§ **ASSIGNMENT**: Within the lines below, the span from the line with "Falcon | Diamond Painting" to the line with "imagem_2026-04-10_023851396", both ends included, is to be reproduced exactly, with pictures omitted.

§ **STORED DATA**:
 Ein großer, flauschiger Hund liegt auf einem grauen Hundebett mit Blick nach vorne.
...
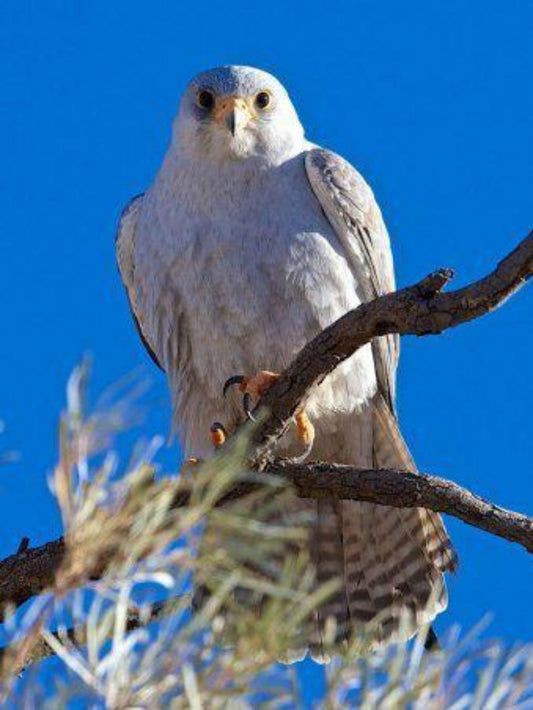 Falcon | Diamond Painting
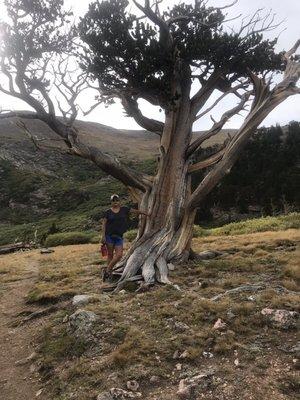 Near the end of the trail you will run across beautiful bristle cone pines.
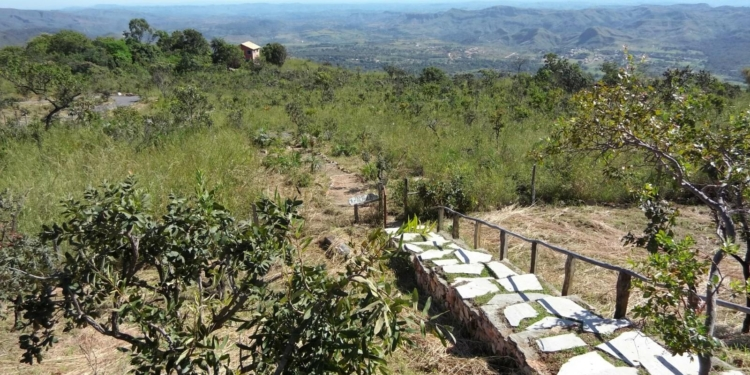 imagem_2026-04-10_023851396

§ **EXERCISE ANSWER**:
 Falcon | Diamond Painting
 Near the end of the trail you will run across beautiful bristle cone pines.
 imagem_2026-04-10_023851396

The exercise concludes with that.